Belçika'da geçen yıl Açlık-Kıtlık 12-12 yardım kampanyasının ilk haftasında 400.000 avro toplandı. 400.000 euro. Onbir milyon Belçikalının merhametine sığınan yardım kampanyası için bu utanç verici bir miktardır. Hollanda'da, benzer bir yardım kampanyası ile sadece on gün içinde 10 milyon avro toplandı. Belçika’da ortalama bir bağışın 82 avro ile yüksek olduğu görülmektedir.

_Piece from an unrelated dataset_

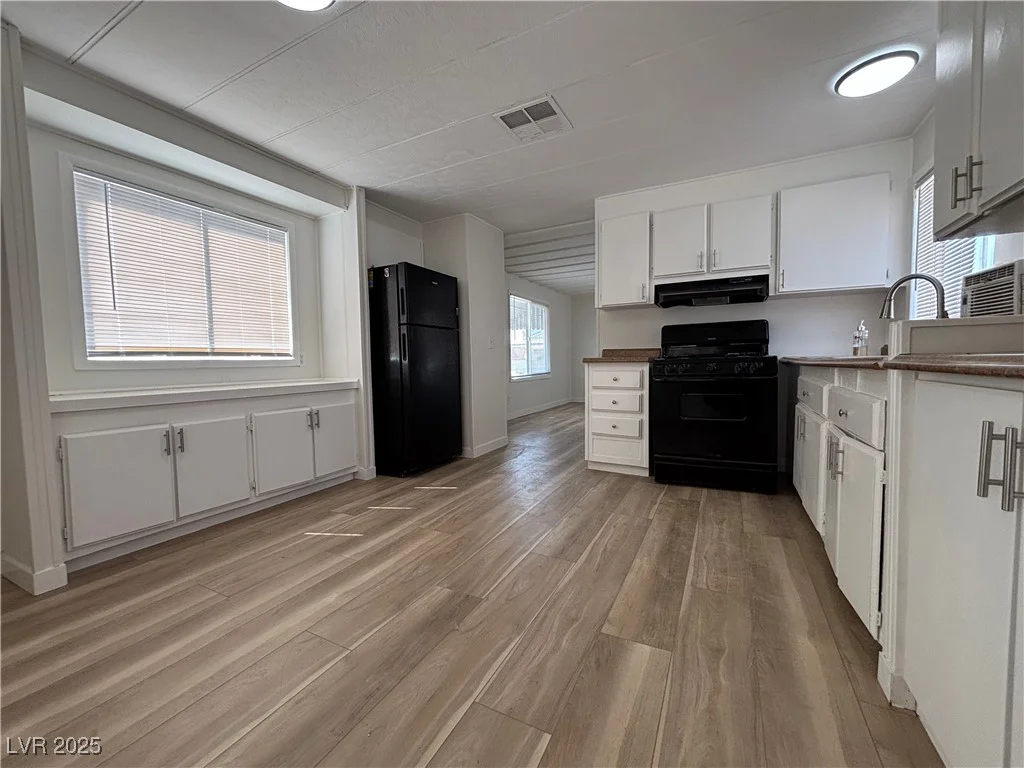 3104 Nelson, North Las Vegas, NV 89030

Ancak Belçikalıların sadece çok az bir sayısı bağışta bulunuyor. Bu alaycı gelebilir ama biz vermekten çok mu yorulduk? Verebilecek maddi gücümüz mü kalmadı? Yoksa biz açlık görüntülerinden mı usandık? Yoksa açlığı çeken bizler miyiz?
Bir felaketin gözlem değeri, büyük ölçüde cüzdanlara ne kadar yüklenileceğini belirler. Tayland‘da tsunami? Haiti veya Nepal’da deprem? Çamur kaymaları? Sıradışı olaylar. Bingooo. Gelsin yardimlar. Ama Kuraklık? Nijerya, Yemen, Somali ülkelerine önyargılı davranılıyor, spontan bir şekilde bu ülkeleri kanunsuzluk, şeriat, müslüman köktencilik, korsanlık ve terör ile ilişkilendiriyorlar. Bunu kimse yüksek bir sesle söylemek istemiyor ama bu farkediliyor. Dünya'da belki de milyonlarcası bu tarz düşünüyor. Ancak açlığın ayrımcılığı olmaz, olmamalı. Açlık hiç bir renk veya inanç tanımaz. O seçici değildir. Açlık, dünya çatışmalarıyla iyi beslenen, kapabildiğini kapan bir canavardır.